- _RECORDS SUPPLIED_
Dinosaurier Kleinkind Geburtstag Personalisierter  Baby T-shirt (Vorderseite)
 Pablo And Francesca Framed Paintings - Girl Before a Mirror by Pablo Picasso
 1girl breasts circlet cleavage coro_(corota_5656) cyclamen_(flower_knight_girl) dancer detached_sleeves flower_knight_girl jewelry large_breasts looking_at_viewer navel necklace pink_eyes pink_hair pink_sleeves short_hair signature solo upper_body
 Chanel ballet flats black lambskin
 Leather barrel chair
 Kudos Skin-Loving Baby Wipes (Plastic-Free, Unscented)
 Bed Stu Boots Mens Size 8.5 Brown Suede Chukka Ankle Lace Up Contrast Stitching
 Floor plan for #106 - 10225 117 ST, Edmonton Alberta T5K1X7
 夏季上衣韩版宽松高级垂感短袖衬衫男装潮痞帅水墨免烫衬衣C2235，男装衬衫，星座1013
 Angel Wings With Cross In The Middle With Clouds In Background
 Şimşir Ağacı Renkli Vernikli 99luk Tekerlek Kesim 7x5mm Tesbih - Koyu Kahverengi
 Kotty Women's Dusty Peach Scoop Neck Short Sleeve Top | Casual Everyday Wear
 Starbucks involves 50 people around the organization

- _EXERCISE AIM_
Would you please repeat exactly the lines above, starting at the line with "1girl breasts circlet" and stopping at the line with "Şimşir Ağacı Renkli", both included?

- _TASK OUTPUT_
 1girl breasts circlet cleavage coro_(corota_5656) cyclamen_(flower_knight_girl) dancer detached_sleeves flower_knight_girl jewelry large_breasts looking_at_viewer navel necklace pink_eyes pink_hair pink_sleeves short_hair signature solo upper_body
 Chanel ballet flats black lambskin
 Leather barrel chair
 Kudos Skin-Loving Baby Wipes (Plastic-Free, Unscented)
 Bed Stu Boots Mens Size 8.5 Brown Suede Chukka Ankle Lace Up Contrast Stitching
 Floor plan for #106 - 10225 117 ST, Edmonton Alberta T5K1X7
 夏季上衣韩版宽松高级垂感短袖衬衫男装潮痞帅水墨免烫衬衣C2235，男装衬衫，星座1013
 Angel Wings With Cross In The Middle With Clouds In Background
 Şimşir Ağacı Renkli Vernikli 99luk Tekerlek Kesim 7x5mm Tesbih - Koyu Kahverengi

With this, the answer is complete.